Non- Custodial Sentencing Bill Coming

Participants at the one-day validation workshop on the final draft of the Community Service Bill

Plans are far advanced for the introduction of non-custodial sentencing into Ghana’s criminal justice system as part of moves to decrease population in the country’s heavily congested prisons.

Stakeholders at a day’s validation workshop on the final draft of the Community Service Bill which started as far back as 2014, all reiterated the need for the bill to reduce the prisoner population while improving on the health conditions of those incarcerated.

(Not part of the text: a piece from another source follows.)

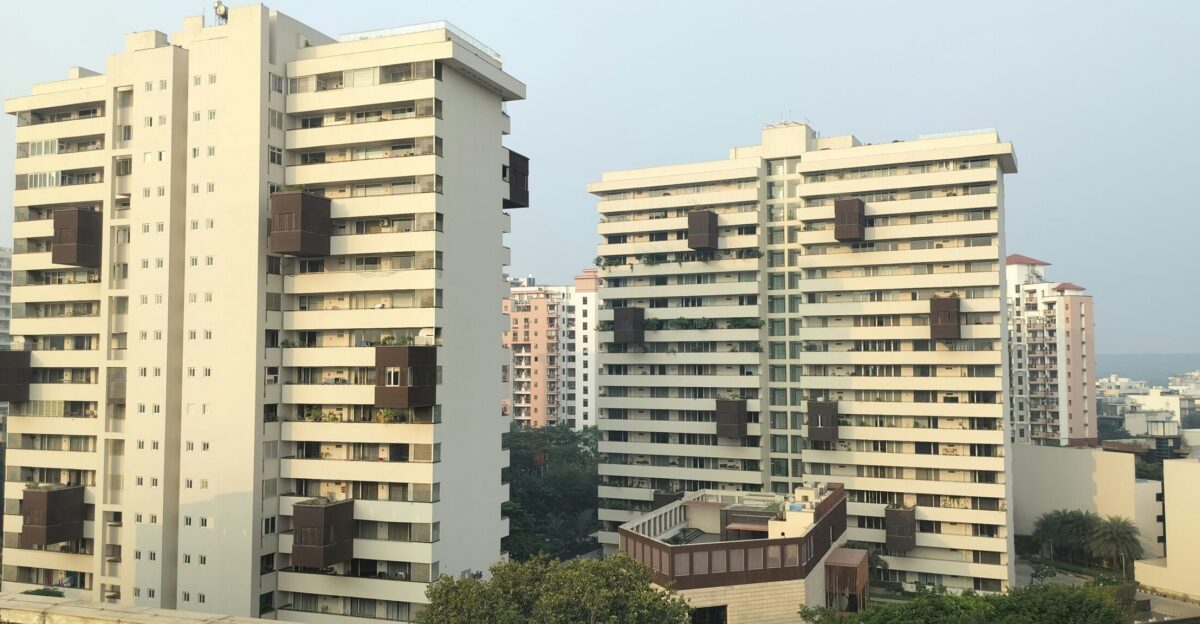 a couple of tall buildings sitting next to each other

Community Service is an alternative punishment to custodial sentencing where a court convicts an accused person of a minor offence to undertake unpaid community service for a period of time.

Minister for the Interior, Ambrose Derry, in a speech read for him by Doreen Annan, Director of Finance at the Ministry, indicated that the issue of non-custodial sentencing is one of the key deliverables of the ministry which it is committed to implementing.

He said the overcrowding of Ghana’s prisons constitutes a significant problem that confronts our criminal justice system, presenting challenges such as infringement on the rights of prisoners, the spread of communicable diseases, recidivism and stigmatisation.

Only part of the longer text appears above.